To investigate such an unproved check, you must enter the "auto-active" mode of proving properties, which requires to break down the property in smaller ones until either automatic provers can deal with the smaller steps, or you can isolate an unproved elementary property that you can isolate in a lemma, that you can verify separately.

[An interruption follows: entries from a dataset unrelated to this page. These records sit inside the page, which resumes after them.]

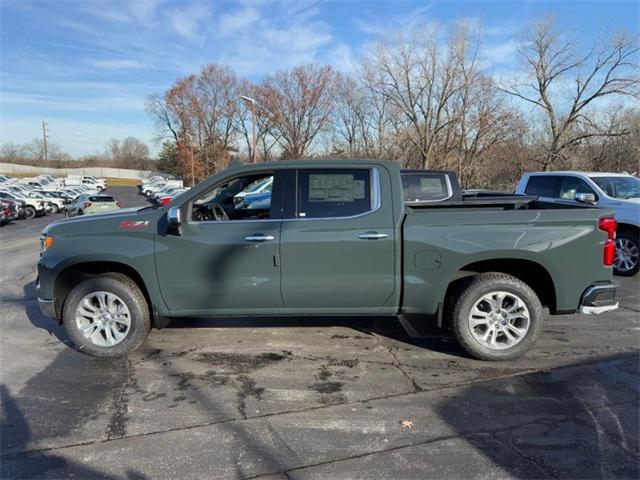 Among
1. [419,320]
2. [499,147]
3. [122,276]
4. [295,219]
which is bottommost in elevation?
[419,320]

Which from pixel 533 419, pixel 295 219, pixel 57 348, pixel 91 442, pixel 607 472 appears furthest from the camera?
pixel 57 348

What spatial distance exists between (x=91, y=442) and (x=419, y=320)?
9.46 feet

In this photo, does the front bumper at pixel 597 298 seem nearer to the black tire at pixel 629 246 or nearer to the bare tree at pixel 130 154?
the black tire at pixel 629 246

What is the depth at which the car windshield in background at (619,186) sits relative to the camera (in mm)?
8789

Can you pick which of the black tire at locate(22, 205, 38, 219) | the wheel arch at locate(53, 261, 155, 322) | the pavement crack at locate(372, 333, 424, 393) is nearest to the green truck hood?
the wheel arch at locate(53, 261, 155, 322)

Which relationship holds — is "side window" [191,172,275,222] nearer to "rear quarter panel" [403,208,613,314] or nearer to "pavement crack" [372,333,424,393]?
"rear quarter panel" [403,208,613,314]

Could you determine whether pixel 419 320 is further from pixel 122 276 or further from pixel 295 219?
pixel 122 276

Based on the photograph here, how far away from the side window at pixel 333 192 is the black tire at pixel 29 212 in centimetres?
2759

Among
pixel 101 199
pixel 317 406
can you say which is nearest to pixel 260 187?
pixel 317 406

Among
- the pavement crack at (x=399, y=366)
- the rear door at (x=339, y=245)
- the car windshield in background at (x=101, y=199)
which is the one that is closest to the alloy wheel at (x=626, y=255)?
the pavement crack at (x=399, y=366)

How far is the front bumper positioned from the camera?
169 inches

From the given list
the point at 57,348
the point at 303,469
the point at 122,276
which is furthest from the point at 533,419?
the point at 57,348

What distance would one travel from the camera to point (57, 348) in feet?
16.0

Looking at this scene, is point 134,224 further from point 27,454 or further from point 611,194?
point 611,194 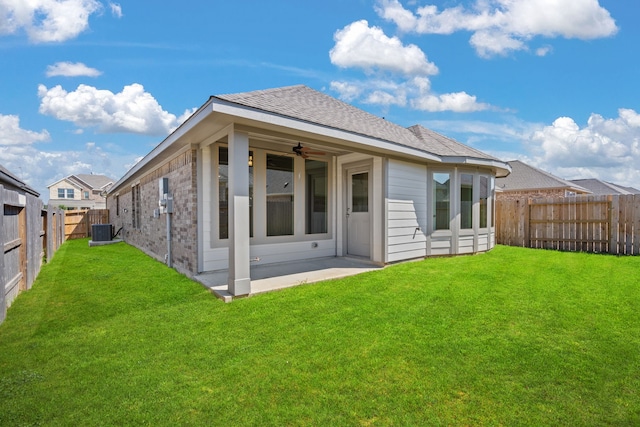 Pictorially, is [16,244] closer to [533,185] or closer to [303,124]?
[303,124]

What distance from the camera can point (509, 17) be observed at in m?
7.64

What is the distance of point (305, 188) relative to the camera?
23.6ft

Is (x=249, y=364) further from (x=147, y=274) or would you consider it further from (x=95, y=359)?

Here I introduced a ghost variable YY for the value of Y at the beginning of an iteration, and broke down the loop invariant in smaller and smaller assertions, which showed that the problem was the exponentiation (X ** (I - A'First + 1) = X * (X ** (I - A'First)) that I also isolated in an assertion:
package body Poly with SPARK_Mode is
function Horner (X : Integer; A : Vector) return Integer is
Y : Integer := 0;
Z : Integer := 0 with Ghost;
YY : Integer with Ghost;
begin
for I in reverse A'First .. A'Last loop
pragma Loop_Invariant (Y * (X ** (I - A'First + 1)) = Z);
YY := Y;
Y := A(I) + Y * X;
Z := Z + A(I) * (X ** (I - A'First));
pragma Assert (Z = YY * (X ** (I - A'First + 1)) + A(I) * (X ** (I - A'First)));
pragma Assert (X ** (I - A'First + 1) = X * (X ** (I - A'First)));
pragma Assert (Z = YY * X * (X ** (I - A'First)) + A(I) * (X ** (I - A'First)));
pragma Assert (Z = (YY * X + A(I)) * (X ** (I - A'First)));
pragma Assert (Z = Y * (X ** (I - A'First)));
end loop;
pragma Assert (Y = Z);
return Y;
end Horner;
end Poly;
Now all assertions and the loop invariant are proved using --level=2 with SPARK Community 2020. Of course some assertions are not needed, so you can remove them.